Okay, that’s cool, I get that. But what are these “tests,” you ask? What do they contain? What does it mean “to make a test pass”? I didn’t understand how you could write code to make sure other code worked…because once you wrote it, wouldn’t you be able to tell if it worked or not?
Let’s say that you want to write a program that will say, “Hello, [name]!”, where name is whatever name you give it. (Ex. If your name was Bob, and you wanted your program to say hello to you using your name: “Hello, Bob!”) If you don’t give your program a name, then you want it to say, “Hello, world!”
So let’s try this TDD thing out. The idea is to write your tests first, before you write a single line of code. Your tests for this program could look like this —
(Different testing frameworks have different syntax for actually writing tests; we’ll be ignoring the actual syntax for now and focusing on the content.)
Basically, what this test is saying is:
- There is a function called “hello”
- When you call hello( ), you should get the string, “Hello, world!”
- When you call hello( ) with a parameter, you could get the string, “Hello, + parameter!”
As we can see in our testing framework (we’ve been using Jasmine and the test runner Test’em), both of our tests are currently failing. That’s good; that’s expected!
It’s our job now to go through our tests, one by one, and write the simplest code we can to make each test pass. Our two tests are, “Hello says hello,” and “Hello says hello to someone.” The number of lines here may seem scary at first, but the key parts to pay attention to are the ones that are in light blue boxes — these tell us why our tests aren’t passing, and by extension, what we can do to fix it.
Let’s focus on the first test for now. Jasmine’s reason for why this specific test didn’t pass is that hello is not defined. So, let’s try defining hello!
And if we look back at our tests —
Great! We now have a different error, which means something different is happening. Now, our first test’s feedback says, “Expected undefined to equal ‘Hello, world!’.” Jasmine is telling us that we’re expecting the output of hello( ) to equal “Hello, world!”, but instead, we’re getting undefined. Let’s try putting something in our function that will output “Hello, world!” when the function is run.
Okay, let’s see what happened.
One test disappeared! We can see at the top that of the 2 specs we started with, only 1 is failing now! If we switch into our spec list —
We can see that “says hello” is now green, which means it passed. Congratulations! Now onto the second one.

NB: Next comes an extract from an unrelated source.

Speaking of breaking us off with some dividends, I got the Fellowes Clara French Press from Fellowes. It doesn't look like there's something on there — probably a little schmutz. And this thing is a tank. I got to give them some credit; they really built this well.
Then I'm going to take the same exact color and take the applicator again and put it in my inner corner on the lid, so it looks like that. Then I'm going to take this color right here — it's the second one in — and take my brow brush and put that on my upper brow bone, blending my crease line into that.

If you also notice, our error message has changed to “Expected ‘Hello, world!’ to equal ‘Hello, Fred!’”. So this lets us know that even when we specify a name, our program is still giving us, “Hello, world!” (Which isn’t what we want it to do!)

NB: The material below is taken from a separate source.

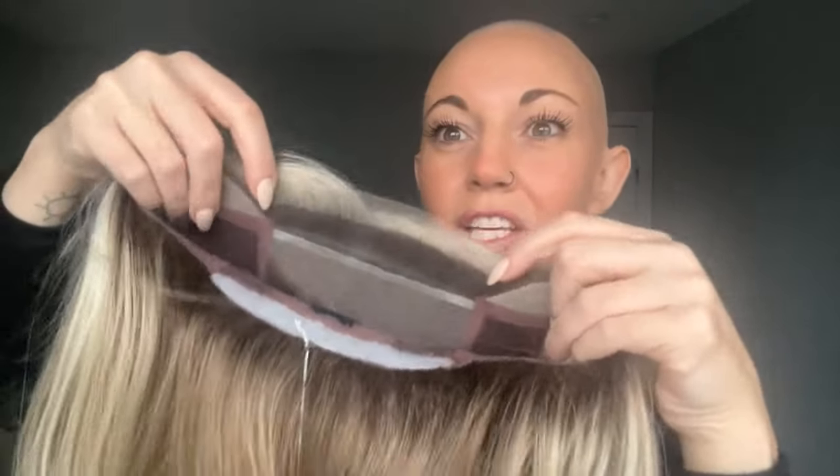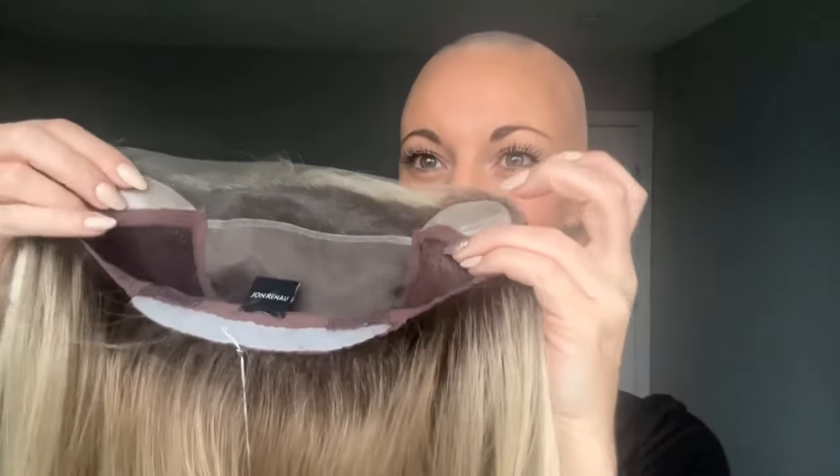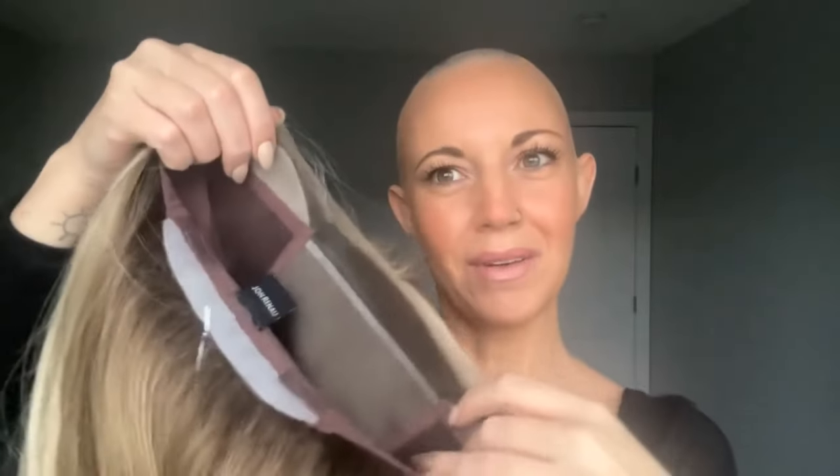Let me just take this off my head. A few years back, Jon Renau took some of their more beloved, more popular wig styles and turned them into light caps. When they made their light cap, they made it with a full monofilament top, so you have great parting versatility. They also added an ear-to-ear lace front, which is fantastic for tucking it behind your ears and gives you ultimate styling versatility all over the top and sides.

We want a way to input a name, and have it spit it back to us. So, let’s add name as a parameter. And it seems like we only want “Hello, world!” to be returned if we don’t specify a name — so, let’s try using an if statement!

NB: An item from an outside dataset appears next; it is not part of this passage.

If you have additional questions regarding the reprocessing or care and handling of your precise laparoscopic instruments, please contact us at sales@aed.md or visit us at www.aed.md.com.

And if we go back to our test specs —
Woo, they’re both passing! Our program works exactly as it should.
The Benefits of TDD
For the past four weeks in my bootcamp, we’ve been given test specs and then tasked to write code that makes those tests pass. Some of the benefits that I’ve personally experienced from this approach, rather than the “traditional” approach are —
- It forces you to thoroughly think of what you actually need to do, rather than willy nilly writing a bunch of functions and seeing what happens. (Which I’ve done before, and I don’t recommend it!)
- I occasionally have the bad habit of trying to dive into everything at once, and end up confused and frustrated because some problems are way too big for that to work! TDD forces you to break down the problem before you try to solve it. It’s easy to say, “okay, my program just needs to do this one thing.” And once you have that one thing, then you add on the next thing.
- It allows you to pinpoint where your code is breaking. If something doesn’t work in a program that was a couple hundred lines of code long, it often took going through all couple hundred of those lines and console logging almost everything to figure out what the problem was.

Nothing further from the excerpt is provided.